▶ _Task to carry out_: When the line with "conch bone snail" turns up below, begin repeating exactly, and carry on through the line with "A Plus Tard: leading Gold Cup contender"; no pictures go into the copy.

▶ _Records to process_:
-------

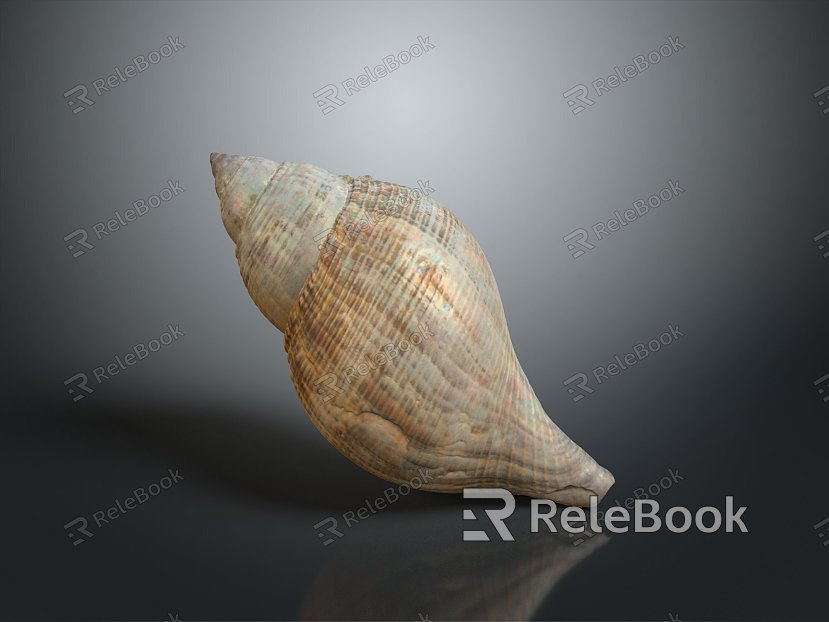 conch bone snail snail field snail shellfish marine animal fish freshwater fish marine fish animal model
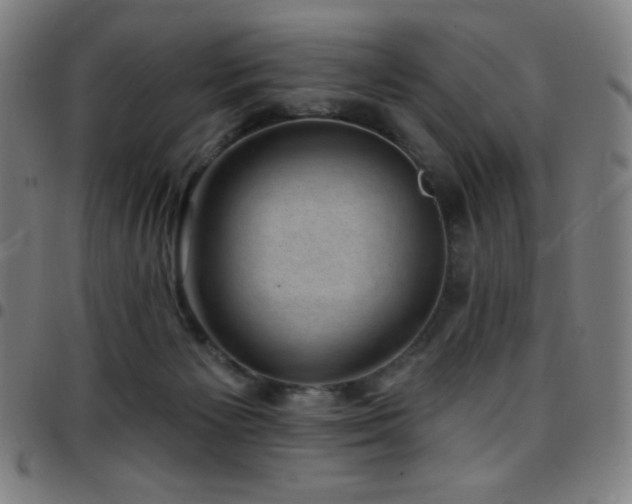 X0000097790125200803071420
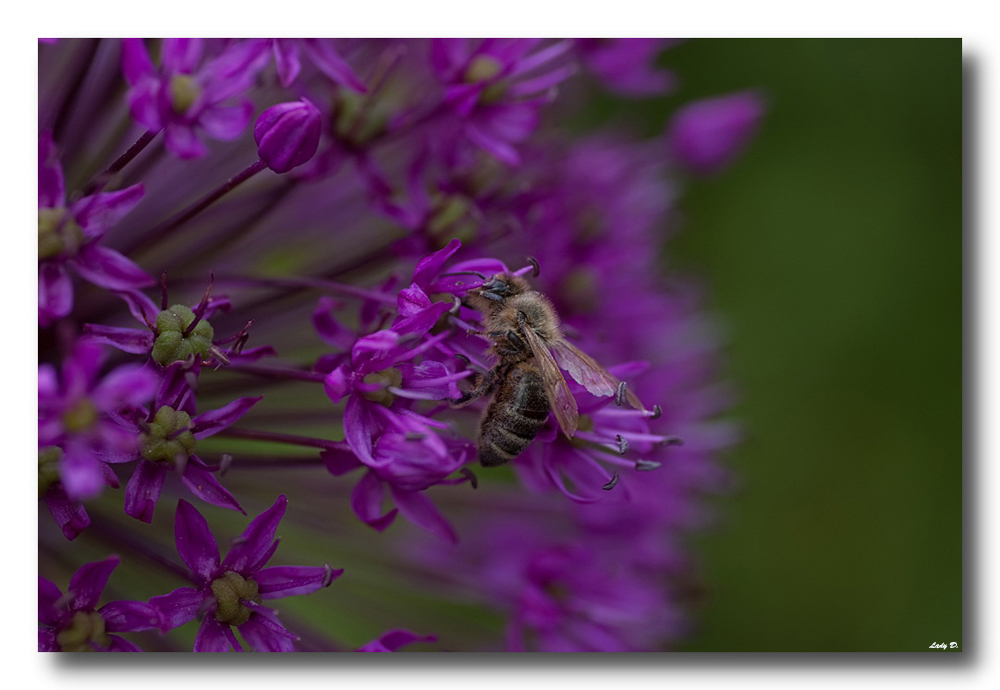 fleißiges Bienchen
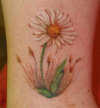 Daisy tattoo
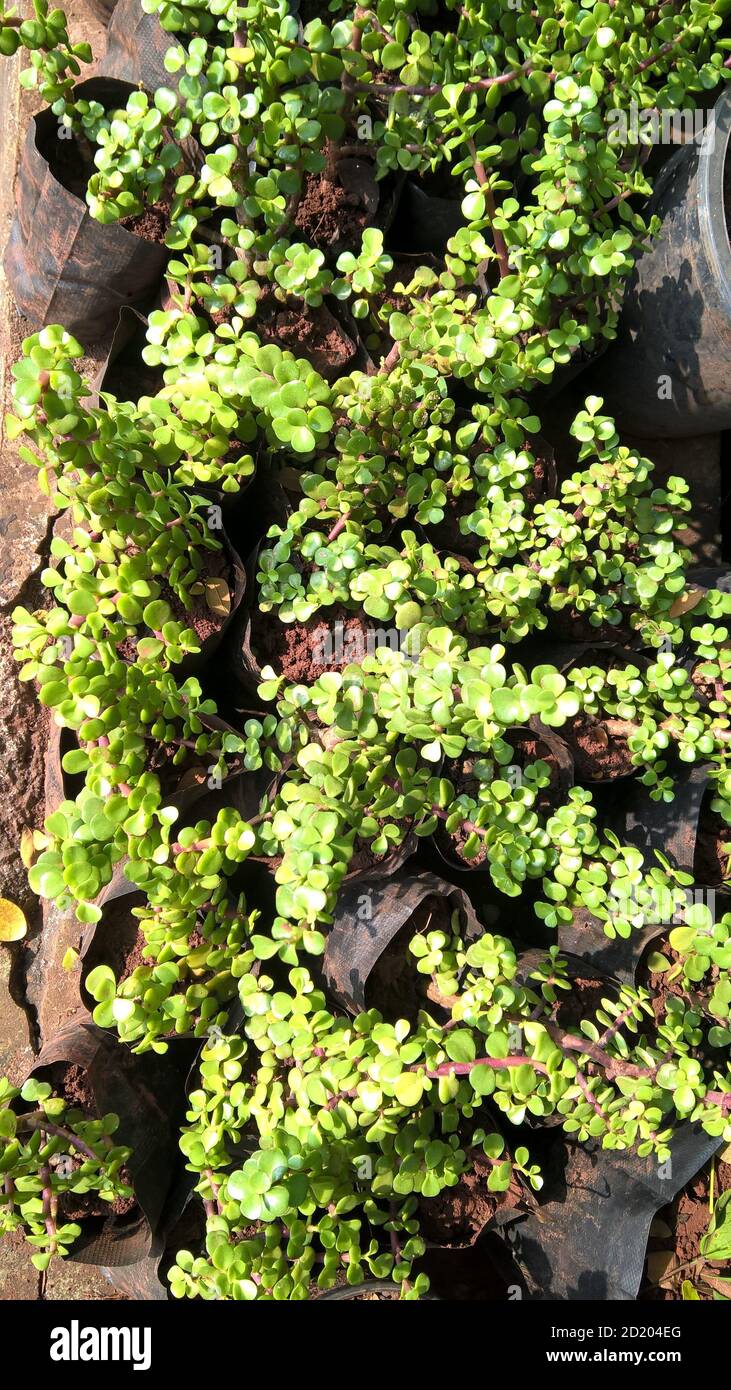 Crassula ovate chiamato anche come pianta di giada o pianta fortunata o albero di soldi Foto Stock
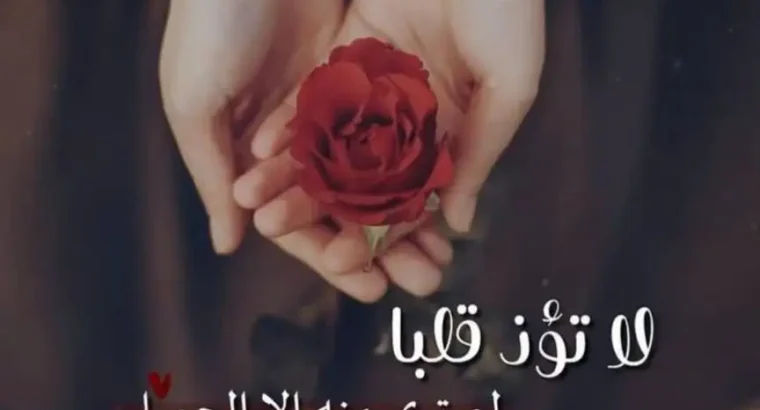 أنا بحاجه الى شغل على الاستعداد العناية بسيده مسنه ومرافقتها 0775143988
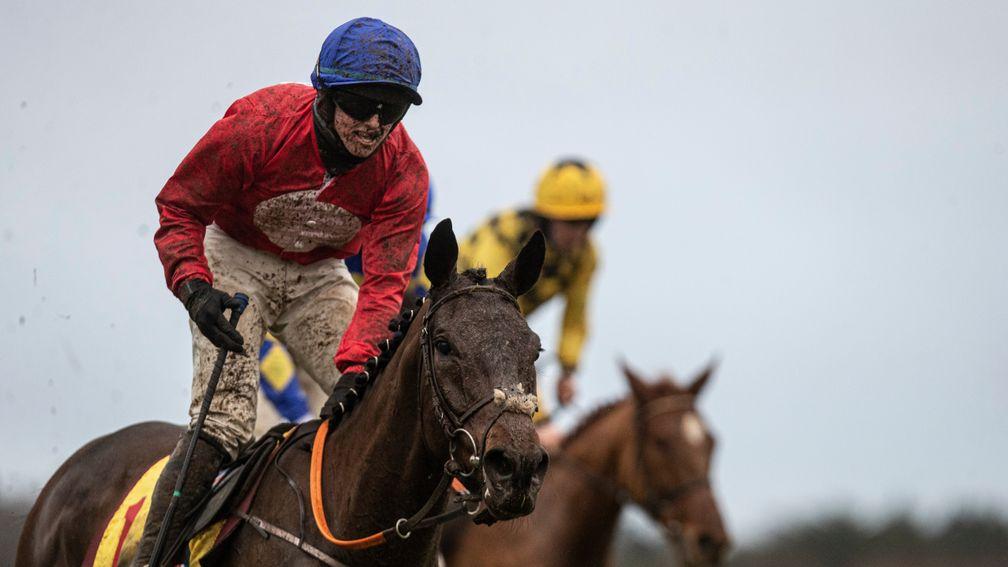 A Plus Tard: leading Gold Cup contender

-------

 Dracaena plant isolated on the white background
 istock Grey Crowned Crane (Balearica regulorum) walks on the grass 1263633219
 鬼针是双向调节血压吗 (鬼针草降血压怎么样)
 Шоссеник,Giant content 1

-------

▶ _Written response_:
 conch bone snail snail field snail shellfish marine animal fish freshwater fish marine fish animal model
 X0000097790125200803071420
 fleißiges Bienchen
 Daisy tattoo
 Crassula ovate chiamato anche come pianta di giada o pianta fortunata o albero di soldi Foto Stock
 أنا بحاجه الى شغل على الاستعداد العناية بسيده مسنه ومرافقتها 0775143988
 A Plus Tard: leading Gold Cup contender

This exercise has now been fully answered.